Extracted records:
:::::

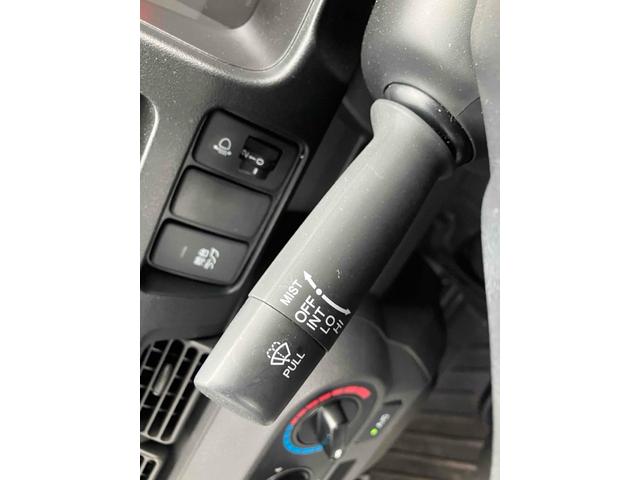 アクティトラック ＳＤＸ　軽トラック　ＡＴ　エアコン　パワーステアリング　パワーウィンドウ　運転席エアバッグ　車検令和９年５月　最大積載量３５０ｋｇ（50枚目）
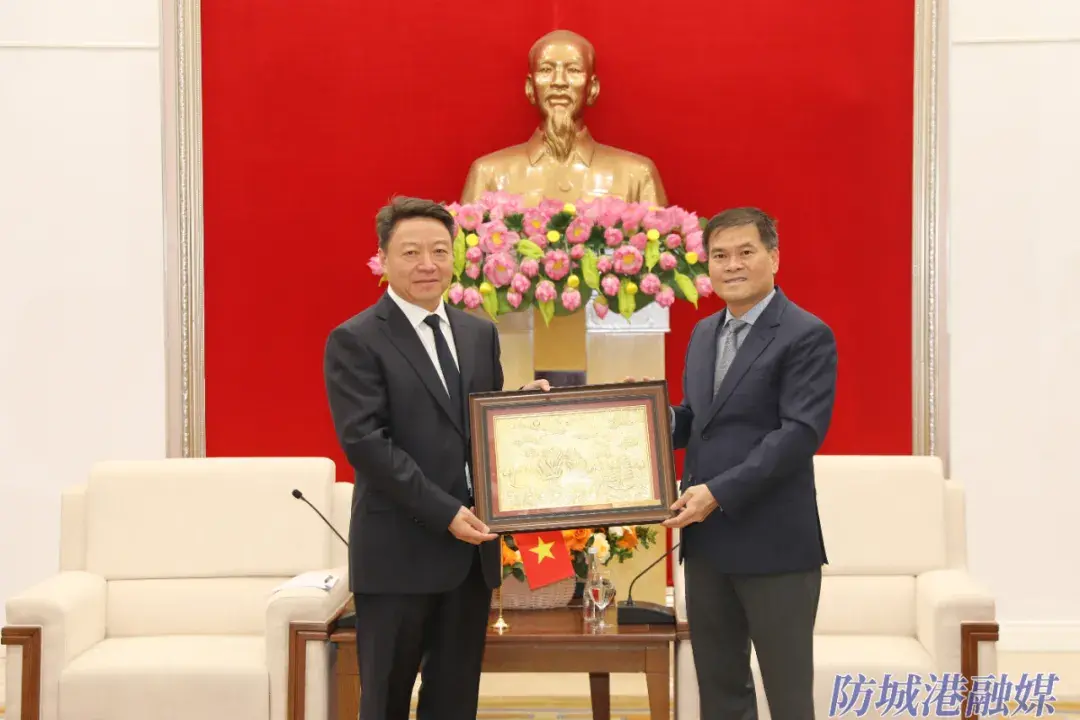 10月27日至28日,市长邱明宏率防城港市代表团访问越南。记者 苏靖 摄a.webp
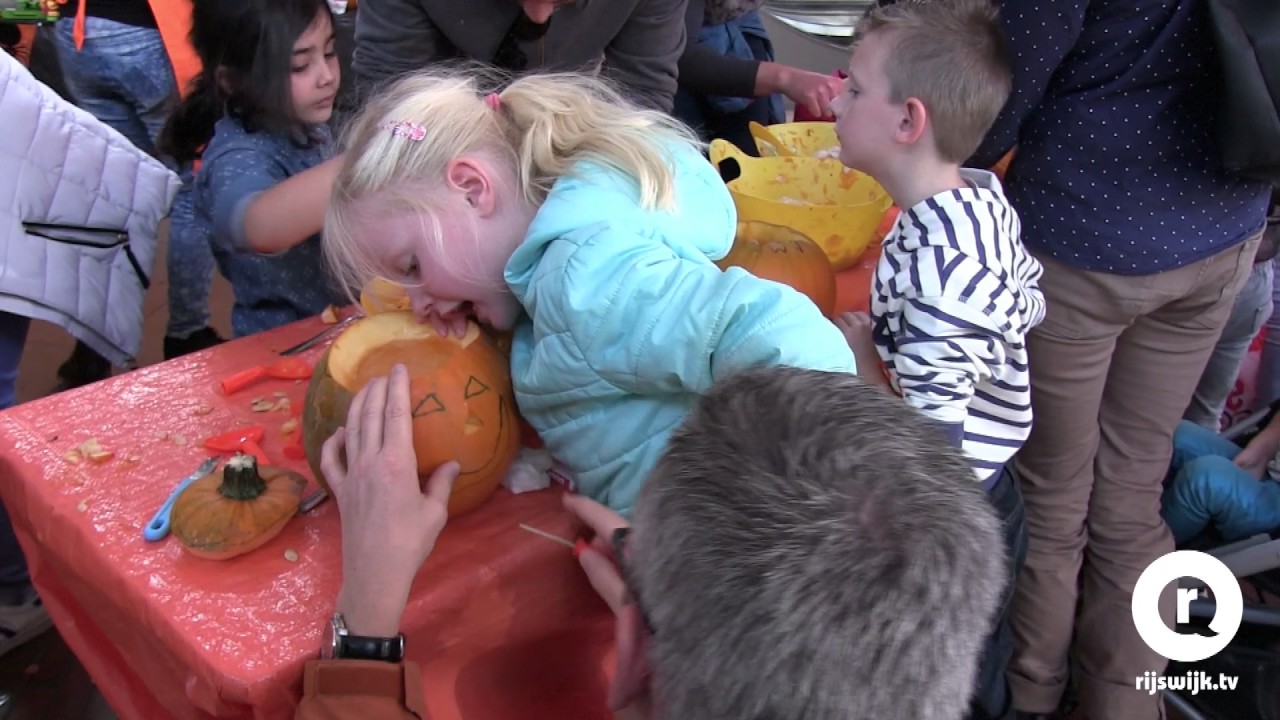 VIDEO. Workshop pompoenen snijden in In de Bogaard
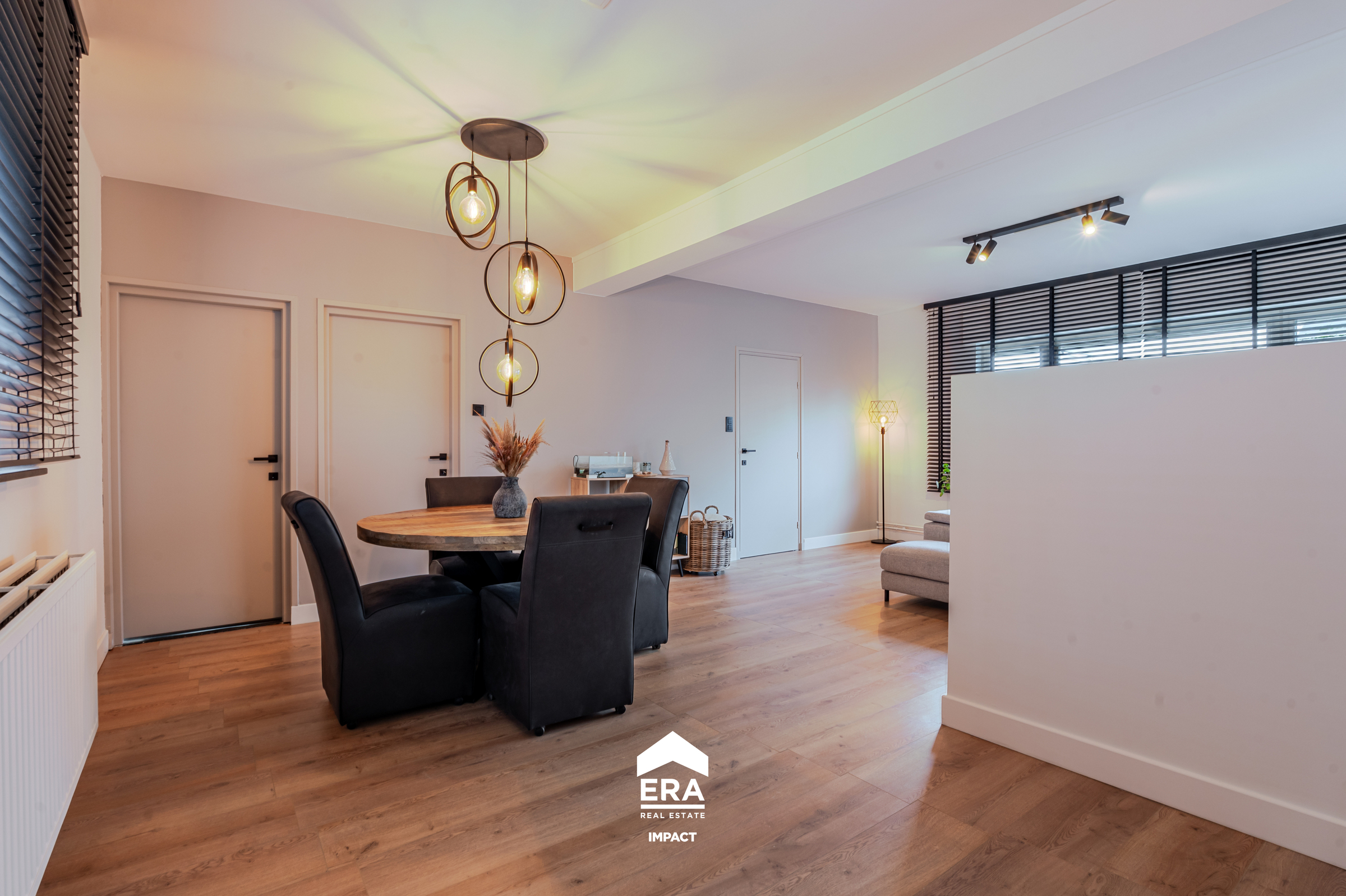 Ruime woning met ingerichte werkplaats 160m2 nabij Nederland - foto 5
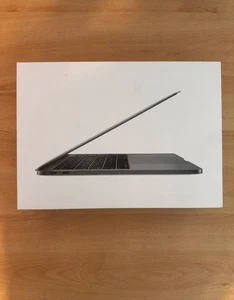 Macbook pro 13 inch 2017 16GB ram 256GB ssd und intel core i5 gen7 in OVP - Bild 1 von 12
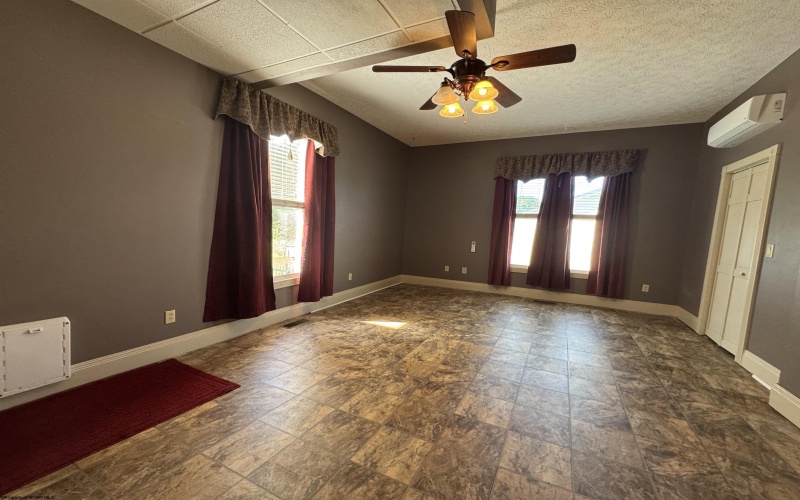 10 Park Street, Buckhannon, West Virginia 26201-2140, 5 Bedrooms Bedrooms, 12 Rooms Rooms,4 BathroomsBathrooms,Single Family Detached,For Sale,Park,10161072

:::::

Word for word, reproduce all of the entries above and omit the pictures.

§ Your solution:
 アクティトラック ＳＤＸ　軽トラック　ＡＴ　エアコン　パワーステアリング　パワーウィンドウ　運転席エアバッグ　車検令和９年５月　最大積載量３５０ｋｇ（50枚目）
 10月27日至28日,市长邱明宏率防城港市代表团访问越南。记者 苏靖 摄a.webp
 VIDEO. Workshop pompoenen snijden in In de Bogaard
 Ruime woning met ingerichte werkplaats 160m2 nabij Nederland - foto 5
 Macbook pro 13 inch 2017 16GB ram 256GB ssd und intel core i5 gen7 in OVP - Bild 1 von 12
 10 Park Street, Buckhannon, West Virginia 26201-2140, 5 Bedrooms Bedrooms, 12 Rooms Rooms,4 BathroomsBathrooms,Single Family Detached,For Sale,Park,10161072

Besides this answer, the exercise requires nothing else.